If you want reliable tourist data, Tripadvisor is a great resource. However, copying data manually can be a real hassle, which is where Tripadvisor scraping comes in. Here’s how to scrape Tripadvisor using Python.
Tripadvisor Scraping: Setting Up Your Environment
You’ll need two key Python libraries for Tripadvisor data scraping:
-
- Selenium: To control the browser and perform actions like clicking buttons.
- lxml: To parse HTML and locate the data points
- requests: To handle HTTP requests
Just use Python’s pip to install these packages.
pip install selenium lxml requests
Now, that you have everything set up, you’re ready to plan your scraper. And the first step is to know what you’ll scrape.
Tripadvisor Scraping: Data Scraped
The scraper pulls six data points from Tripadvisor:
- Rank
- Hotel Name
- Price
- URL
- Review Count
- Tripadvisor Rating
You’ll spot the HTML tags holding this data by using your browser’s inspect feature.
By using the ‘Inspect’ feature you can build XPaths. If you don’t know how to do that, here’s a nice XPath cheat sheet that’ll get you going.
Here you’ll need the following XPaths:
- URL: ‘.//div[@data-automation=”hotel-card-title”]//a/@href’
- Review Count: ‘.//span/span[contains(text(),”reviews”)]//text()’
- Rating: ‘.//div[contains(@aria-label,”reviews”)]/@aria-label’
- Name: ‘.//div[@data-automation=”hotel-card-title”]//h3/text()’
- Price: ‘.//span[contains(@data-automation,”Price”)]/text()’
There’s no need for an XPath for getting the rank as you can get it from the hotel name.
After understanding the XPaths, you can start coding.

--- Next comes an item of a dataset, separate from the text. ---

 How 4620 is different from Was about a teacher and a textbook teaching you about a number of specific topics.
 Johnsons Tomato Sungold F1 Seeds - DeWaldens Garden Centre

Why worry about expensive infrastructure, resource allocation and complex websites when ScrapeHero can scrape for you at a fraction of the cost?Go the hassle-free route with ScrapeHero
Tripadvisor Scraping: Building The Scraper
Start by importing the modules you need:
- time: to get the current time
- sleep: to pause script execution
- unicodecsv: to write the extracted data into a CSV file
- argparse: to create a command-line interface (CLI) for your script
- datetime: to change date formats
- selenium.webdriver: to control the browser
- selenium.webdriver.common.by: to specify the selectors for finding elements
from time import time, sleep
import json
import argparse, requests
from datetime import datetime
from lxml import html
from selenium import webdriver
from selenium.webdriver.common.by import By
Next, organize the code by breaking it down into functions, This code uses three key functions:
- get_json(): Gets the URL for the list of hotels of a particular location
- get_response(): Pulls the HTML source code of the page holding the hotel list
- parse(): calls the above two functions and extracts the data points
get_json()
First, you’ll need to grab the appropriate Tripadvisor URL for a given locality; you can get that from the site’s Content API. This API returns a JSON containing the required URL. So the get_json() function:
- Takes the API endpoint URL as input
- Makes an HTTP request to this URL using Python requests
- Parses the response
- Returns the JSON data
def get_json(url):
headers = {
"accept": "text/html,application/xhtml+xml,application/xml;q=0.9,image/webp,image/apng,"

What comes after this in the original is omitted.